ZENOBIA
(director: Gordon Douglas; screenwriter: Corey Ford/story by Walter De Leon & Arnold Belgard; cinematographer: Karl Struss; editor: Bert Jordan; music: Marvin Hatley; cast: Oliver Hardy (Dr. Henry Tibbett), Billie Burke (Bessie Tibbett), Stepin Fetchitt (Zero), Hattie McDaniel (Dehlia), Harry Langdon (Professor McCrackle), Jean Parker (Mary Tibbett), Alice Brady (Mrs. Carter), James Ellison (Jeffrey Carter), June Lang (Virginia), J. Farrell MacDonald (Judge), Olin Howland (Lawyer), Phillip Hurlic (Zeke); Runtime: 72; MPAA Rating: NR; producer: A.E. Sutherland; United Artists; 1939)
“A very funny comedy.”
Reviewed by Dennis Schwartz
The only film Oliver Hardy performed without Stan Laurel. It came about due to a festering dispute between Stan Laurel and Hal Roach. The b/w film titled after an elephant, is a very funny comedy and Hardy excels. Though it bombed at the box office. Gordon Douglas (“In Like Flint”/”Them!”/”Rio Conchos”) directs with a flare for zany comedy. Corey Ford bases the screenplay from a story by Walter De Leon & Arnold Belgard.

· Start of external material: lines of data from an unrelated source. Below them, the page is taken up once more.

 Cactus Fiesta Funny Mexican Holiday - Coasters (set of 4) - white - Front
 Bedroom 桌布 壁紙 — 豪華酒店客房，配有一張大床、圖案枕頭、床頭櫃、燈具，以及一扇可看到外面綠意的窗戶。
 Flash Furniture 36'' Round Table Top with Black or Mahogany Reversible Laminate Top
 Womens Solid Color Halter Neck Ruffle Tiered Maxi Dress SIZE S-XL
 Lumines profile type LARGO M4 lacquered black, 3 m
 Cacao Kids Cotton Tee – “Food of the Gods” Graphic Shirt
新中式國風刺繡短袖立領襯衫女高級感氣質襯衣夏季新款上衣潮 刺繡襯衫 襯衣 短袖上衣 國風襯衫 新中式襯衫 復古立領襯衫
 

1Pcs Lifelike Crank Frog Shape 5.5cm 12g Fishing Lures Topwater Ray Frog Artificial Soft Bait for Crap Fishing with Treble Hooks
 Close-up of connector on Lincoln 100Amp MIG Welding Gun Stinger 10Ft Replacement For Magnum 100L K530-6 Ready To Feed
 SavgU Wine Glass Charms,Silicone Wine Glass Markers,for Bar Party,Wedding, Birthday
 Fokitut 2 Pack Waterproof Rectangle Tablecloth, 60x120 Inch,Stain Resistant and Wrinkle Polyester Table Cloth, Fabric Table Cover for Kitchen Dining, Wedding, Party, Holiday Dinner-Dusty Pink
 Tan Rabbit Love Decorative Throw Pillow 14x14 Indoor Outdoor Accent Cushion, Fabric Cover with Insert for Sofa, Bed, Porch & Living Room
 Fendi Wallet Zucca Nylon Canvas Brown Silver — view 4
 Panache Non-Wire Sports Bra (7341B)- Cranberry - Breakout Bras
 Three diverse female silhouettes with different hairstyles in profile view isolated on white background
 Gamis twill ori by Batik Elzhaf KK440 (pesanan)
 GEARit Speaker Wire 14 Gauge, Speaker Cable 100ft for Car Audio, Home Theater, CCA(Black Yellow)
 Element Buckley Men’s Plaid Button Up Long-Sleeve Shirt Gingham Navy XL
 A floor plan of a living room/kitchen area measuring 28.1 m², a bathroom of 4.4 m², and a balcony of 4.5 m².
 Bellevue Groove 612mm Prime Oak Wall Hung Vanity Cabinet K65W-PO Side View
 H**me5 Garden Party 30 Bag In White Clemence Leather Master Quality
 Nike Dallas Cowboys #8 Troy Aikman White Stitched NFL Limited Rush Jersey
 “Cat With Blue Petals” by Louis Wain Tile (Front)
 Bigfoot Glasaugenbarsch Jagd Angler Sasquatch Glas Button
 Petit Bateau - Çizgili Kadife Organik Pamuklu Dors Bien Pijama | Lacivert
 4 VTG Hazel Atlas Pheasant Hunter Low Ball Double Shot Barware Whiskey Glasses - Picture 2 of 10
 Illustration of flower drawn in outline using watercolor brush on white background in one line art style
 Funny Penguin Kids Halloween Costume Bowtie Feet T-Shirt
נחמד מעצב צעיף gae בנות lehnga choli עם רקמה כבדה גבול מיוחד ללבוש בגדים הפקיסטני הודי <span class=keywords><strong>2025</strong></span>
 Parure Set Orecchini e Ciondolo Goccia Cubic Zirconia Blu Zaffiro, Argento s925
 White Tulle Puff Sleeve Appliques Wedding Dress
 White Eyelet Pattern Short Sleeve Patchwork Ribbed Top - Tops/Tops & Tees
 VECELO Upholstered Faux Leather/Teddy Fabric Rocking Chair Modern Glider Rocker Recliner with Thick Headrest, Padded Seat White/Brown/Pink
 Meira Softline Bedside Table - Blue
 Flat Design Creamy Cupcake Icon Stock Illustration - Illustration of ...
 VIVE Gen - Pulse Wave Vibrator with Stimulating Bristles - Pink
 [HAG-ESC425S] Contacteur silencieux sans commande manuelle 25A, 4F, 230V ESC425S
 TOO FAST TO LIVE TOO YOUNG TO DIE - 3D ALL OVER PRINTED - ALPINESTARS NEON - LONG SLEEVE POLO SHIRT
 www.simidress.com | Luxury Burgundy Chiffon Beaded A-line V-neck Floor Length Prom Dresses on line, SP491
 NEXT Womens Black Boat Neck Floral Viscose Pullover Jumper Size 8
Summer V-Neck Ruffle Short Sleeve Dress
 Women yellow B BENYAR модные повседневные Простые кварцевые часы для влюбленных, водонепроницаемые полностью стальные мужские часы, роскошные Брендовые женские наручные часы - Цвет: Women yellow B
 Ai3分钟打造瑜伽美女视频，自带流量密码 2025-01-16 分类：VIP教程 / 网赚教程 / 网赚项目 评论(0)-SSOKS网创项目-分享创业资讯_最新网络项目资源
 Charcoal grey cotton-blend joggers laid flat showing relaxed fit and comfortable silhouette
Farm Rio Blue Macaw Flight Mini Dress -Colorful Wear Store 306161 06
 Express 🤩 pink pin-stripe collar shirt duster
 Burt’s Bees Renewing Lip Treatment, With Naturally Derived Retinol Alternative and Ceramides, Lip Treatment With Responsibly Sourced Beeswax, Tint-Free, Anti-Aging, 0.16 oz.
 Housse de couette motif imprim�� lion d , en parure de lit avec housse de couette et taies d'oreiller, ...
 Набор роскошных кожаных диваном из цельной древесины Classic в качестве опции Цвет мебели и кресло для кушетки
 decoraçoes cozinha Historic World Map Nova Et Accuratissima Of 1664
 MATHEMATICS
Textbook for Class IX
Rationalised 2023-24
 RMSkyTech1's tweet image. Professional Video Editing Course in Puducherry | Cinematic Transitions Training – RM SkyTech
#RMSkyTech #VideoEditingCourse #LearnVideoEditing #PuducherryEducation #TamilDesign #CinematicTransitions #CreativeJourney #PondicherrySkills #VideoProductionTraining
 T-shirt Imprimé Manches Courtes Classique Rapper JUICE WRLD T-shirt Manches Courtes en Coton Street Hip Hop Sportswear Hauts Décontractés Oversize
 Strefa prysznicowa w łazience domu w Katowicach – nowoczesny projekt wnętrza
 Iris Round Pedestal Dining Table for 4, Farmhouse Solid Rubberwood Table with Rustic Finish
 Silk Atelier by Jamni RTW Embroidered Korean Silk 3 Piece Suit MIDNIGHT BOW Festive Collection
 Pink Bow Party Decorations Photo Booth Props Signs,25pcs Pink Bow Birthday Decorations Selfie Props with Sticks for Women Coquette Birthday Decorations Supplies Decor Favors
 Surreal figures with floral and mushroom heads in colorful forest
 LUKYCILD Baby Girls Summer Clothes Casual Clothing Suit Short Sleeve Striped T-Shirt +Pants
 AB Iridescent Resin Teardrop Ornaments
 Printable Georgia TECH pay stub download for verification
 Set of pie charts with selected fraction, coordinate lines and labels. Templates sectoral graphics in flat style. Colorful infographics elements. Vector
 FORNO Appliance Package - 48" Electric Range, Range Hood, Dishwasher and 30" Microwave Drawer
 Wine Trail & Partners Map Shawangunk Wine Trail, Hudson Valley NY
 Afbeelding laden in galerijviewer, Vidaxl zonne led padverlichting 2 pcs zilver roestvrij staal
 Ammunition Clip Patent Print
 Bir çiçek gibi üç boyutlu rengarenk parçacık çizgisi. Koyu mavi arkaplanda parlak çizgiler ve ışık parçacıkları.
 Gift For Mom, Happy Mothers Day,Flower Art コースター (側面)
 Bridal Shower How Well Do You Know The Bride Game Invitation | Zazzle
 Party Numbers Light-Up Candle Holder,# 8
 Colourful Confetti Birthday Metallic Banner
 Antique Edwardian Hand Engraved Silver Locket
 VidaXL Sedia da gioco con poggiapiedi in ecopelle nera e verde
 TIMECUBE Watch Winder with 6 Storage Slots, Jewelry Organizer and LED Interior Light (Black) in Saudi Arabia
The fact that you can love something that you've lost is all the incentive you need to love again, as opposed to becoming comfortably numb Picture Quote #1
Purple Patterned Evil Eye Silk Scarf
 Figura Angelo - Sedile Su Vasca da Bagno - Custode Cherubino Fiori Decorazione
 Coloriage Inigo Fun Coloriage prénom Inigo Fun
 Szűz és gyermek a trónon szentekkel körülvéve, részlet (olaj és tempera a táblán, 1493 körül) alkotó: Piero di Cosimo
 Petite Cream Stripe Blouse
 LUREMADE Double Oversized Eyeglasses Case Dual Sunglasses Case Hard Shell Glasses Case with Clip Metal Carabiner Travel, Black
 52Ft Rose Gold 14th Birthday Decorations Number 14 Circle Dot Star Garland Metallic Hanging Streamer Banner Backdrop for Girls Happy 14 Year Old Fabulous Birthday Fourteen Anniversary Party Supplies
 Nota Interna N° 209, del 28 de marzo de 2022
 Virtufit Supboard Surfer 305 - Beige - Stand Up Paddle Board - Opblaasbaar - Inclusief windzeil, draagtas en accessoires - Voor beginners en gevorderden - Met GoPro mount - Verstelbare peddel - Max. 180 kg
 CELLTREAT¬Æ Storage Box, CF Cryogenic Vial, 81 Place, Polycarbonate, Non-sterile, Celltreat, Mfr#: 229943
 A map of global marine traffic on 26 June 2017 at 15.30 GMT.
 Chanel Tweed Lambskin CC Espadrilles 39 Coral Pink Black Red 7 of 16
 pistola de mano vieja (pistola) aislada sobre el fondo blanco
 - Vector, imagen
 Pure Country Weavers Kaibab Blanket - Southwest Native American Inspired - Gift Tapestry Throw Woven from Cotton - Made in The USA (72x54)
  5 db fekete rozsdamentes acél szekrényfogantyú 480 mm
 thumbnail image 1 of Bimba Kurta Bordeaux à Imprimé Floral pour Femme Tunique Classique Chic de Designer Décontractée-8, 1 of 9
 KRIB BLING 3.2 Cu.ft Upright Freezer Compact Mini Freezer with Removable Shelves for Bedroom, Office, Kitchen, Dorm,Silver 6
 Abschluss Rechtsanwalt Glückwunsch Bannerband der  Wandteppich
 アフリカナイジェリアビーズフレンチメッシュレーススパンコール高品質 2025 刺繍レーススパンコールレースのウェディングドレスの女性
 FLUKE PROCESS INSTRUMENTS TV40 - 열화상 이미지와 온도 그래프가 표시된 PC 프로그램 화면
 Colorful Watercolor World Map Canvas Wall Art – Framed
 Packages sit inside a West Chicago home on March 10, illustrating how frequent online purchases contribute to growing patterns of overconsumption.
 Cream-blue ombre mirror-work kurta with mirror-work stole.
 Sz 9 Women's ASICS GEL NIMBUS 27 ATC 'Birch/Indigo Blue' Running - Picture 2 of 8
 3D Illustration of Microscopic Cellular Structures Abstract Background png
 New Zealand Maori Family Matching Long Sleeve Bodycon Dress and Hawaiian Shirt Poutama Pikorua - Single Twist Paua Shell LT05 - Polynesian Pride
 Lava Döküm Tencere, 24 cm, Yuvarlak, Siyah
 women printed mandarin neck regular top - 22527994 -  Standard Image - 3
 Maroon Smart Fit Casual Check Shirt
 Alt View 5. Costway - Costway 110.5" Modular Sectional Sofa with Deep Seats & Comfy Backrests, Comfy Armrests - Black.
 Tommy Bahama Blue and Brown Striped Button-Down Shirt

It’s set in 1870, in the small-town of Carterville, Mississippi, where Dr. Henry Tibbett (Oliver Hardy) is a big-hearted struggling country doctor, who turns away patients who are hypochondriacs even if they are rich like Mrs. Carter (Alice Brady). She’s a snobbish dowager. The town is named after her renown political family. When her gentle son Jeff (James Ellison) wants to marry the doctor’s sweet daughter Mary (Jean Parker), mom objects as she wants her son to marry someone wealthy from the upper-class.
Itinerant carnival barker Professor McCrackle (Harry Langdon) comes to town and his pampered elephant named Zenobia gets sick, and Dr. Tibbett treats her. The elephant shows the doctor she’s grateful and embarrasses him by following him everywhere. The snarky Mrs. Carter convinces the carny to sue Tibbett over his treatment and the case goes to court. When Jeff shows he’s a man and tells mom off, she relents. The couple marry and the elephant gives birth.
Love it or hate it for stereotyping blacks, nevertheless Stepin Fetchitt steals the pic with his usual slow-witted antics. Also a riot is Billie Burke, doing her usual zany bit as Hardy’s daffy wife.